Cuitláhuac fallecería el 28 de noviembre de 1520, el último día del mes de Quecholli. Poco después, las tropas reorganizadas por el español, volverían a atacar Tenochtitlan en el mes de agosto de 1521, asediándola durante los dos meses y medio previos, promoviendo muerte y hambruna, capturando por fin a su último Tlatoani, Cuauhtémoc, primo hermano de los dos anteriores.

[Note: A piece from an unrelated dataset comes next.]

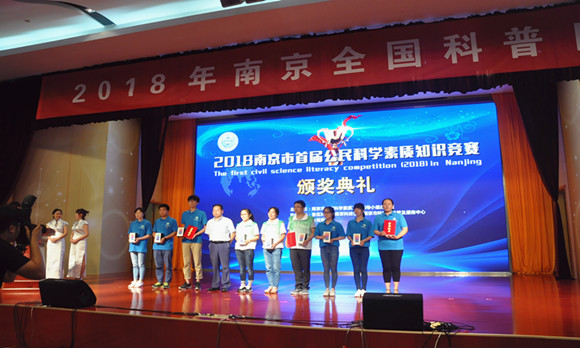 2018南京全國科普日在南京科技館成功開幕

La maravillosa fisonomía de la gran urbe que había sido Tenochtitlan, con sus calzadas ordenadas hacia los cuatro puntos cardinales, sus puentes levadizos preparados para coordinar la interacción de los diversos islotes, sus asombrosas construcciones, su diagramación ejemplar que permitía distinguir a cada barrio por su  zona circundante, su majestuoso paseo público central, que unía el Palacio Real con el Templo Mayor en un único ámbito de relación integrado, su fabuloso mercado central, que nucleaba a diversidad de gentes de varias regiones aún de aldeas vecinas, todo eso dejó de ser lo que había sido antes de la crucial hecatombe, para dar lugar a un espacio corrompido, a raíz de la ocupación de los españoles.

Cuando el asedio se dio por concluido, terminó también el fastidio y el sinsabor del propio Cuauhtémoc, que presentía que a pesar de todo el empeño puesto en fortalecer la resistencia y agigantarla, no lograría hacer subsistir aquel objetivo de liberación ante la sinrazón y la desesperanza por la supervivencia.

Tenochtitlan se acabó cuando se le agotaron los esfuerzos por sostener su libertad. Llegó un momento en el cual no había más excusas, el hambre y la sed arreciaban. La muerte que estaba en todos lados, era la medida de todas las cosas.

El derrumbe de Tenochtitlan fue el triunfo de la dominación política y militar, pero también significó el inicio de un calvario fenomenal e inaudito que condujo a la debacle de costumbres, religión, lengua y cotidianidades que juntas resumían la antigua y consolidada idea de libertad con dignidad, de todo un pueblo acostumbrado como estaba a sostener de pie sus valores y que nunca jamás volvió a ser como había sido.